Your goal: For this exercise, copy exactly every line from the one holding "alt message - Manyavar" through the end of the data, both included. Omit pictures.

===== Entries shown =====

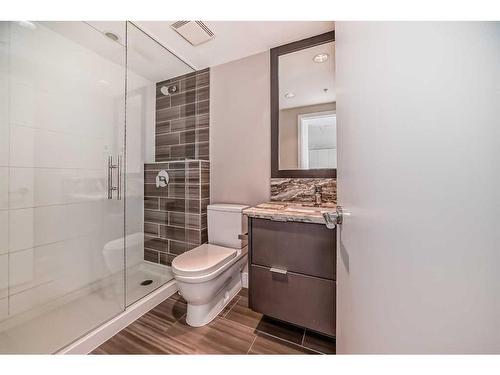 2504-510 6 Avenue Se, Calgary, AB - Indoor Photo Showing Bathroom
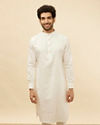 alt message - Manyavar Men Off White Kurta Set image number 0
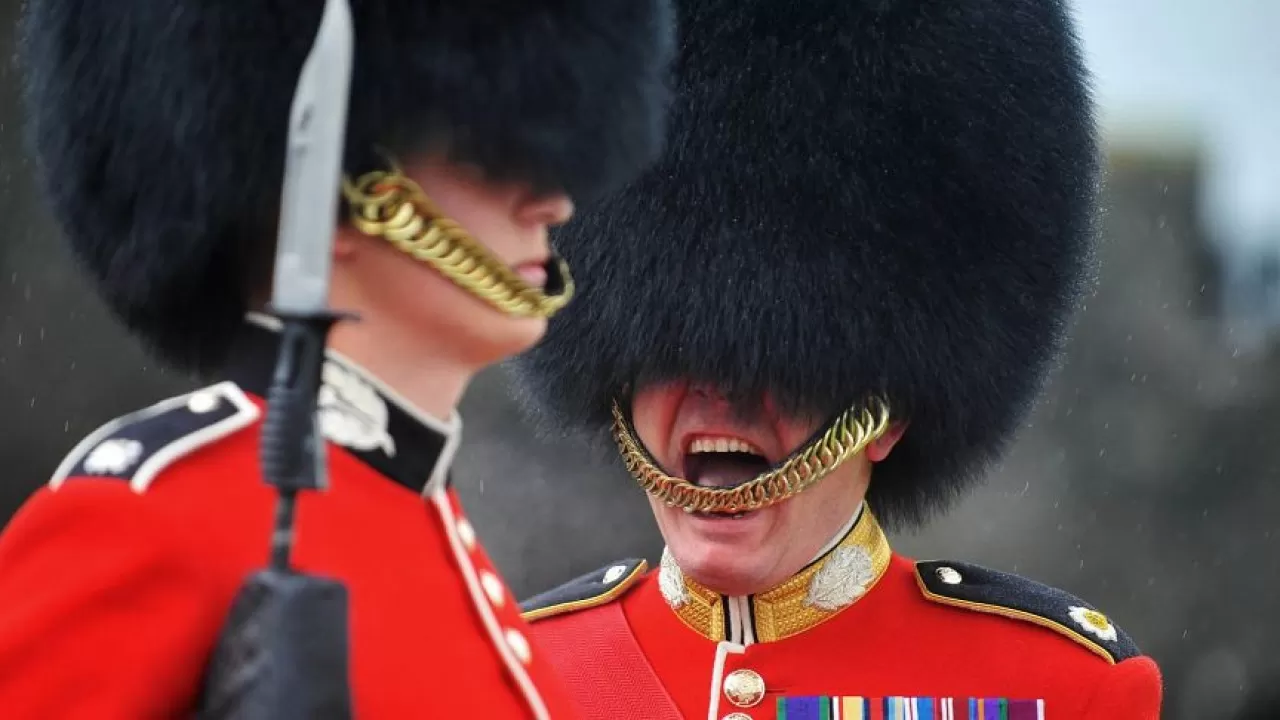 Королевские гвардейцы промаршировали по ребенку в Лондоне - видео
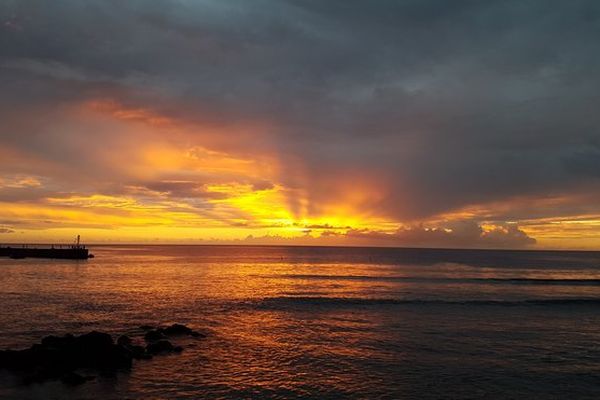 Coucher de soleil sur le port de Saint-Gilles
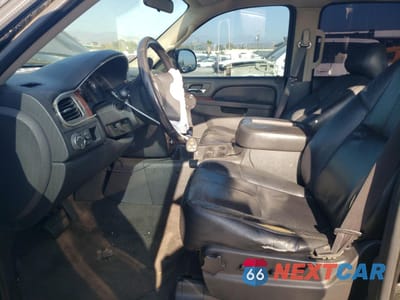 Zdjęcie 7 z 15 samochodu: 2012 CHEVROLET SUBURBAN C1500 LT VIN:1GNSCJE02CR268960 - miniatura
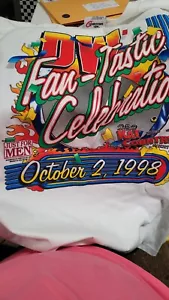 Darrell Waltrip Fan Club Celebration 2. Oktober 1998 weiß 2-seitiges T-Shirt Neu XL - Bild 1 von 2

=====

Task solution:
 alt message - Manyavar Men Off White Kurta Set image number 0
 Королевские гвардейцы промаршировали по ребенку в Лондоне - видео
 Coucher de soleil sur le port de Saint-Gilles
 Zdjęcie 7 z 15 samochodu: 2012 CHEVROLET SUBURBAN C1500 LT VIN:1GNSCJE02CR268960 - miniatura
 Darrell Waltrip Fan Club Celebration 2. Oktober 1998 weiß 2-seitiges T-Shirt Neu XL - Bild 1 von 2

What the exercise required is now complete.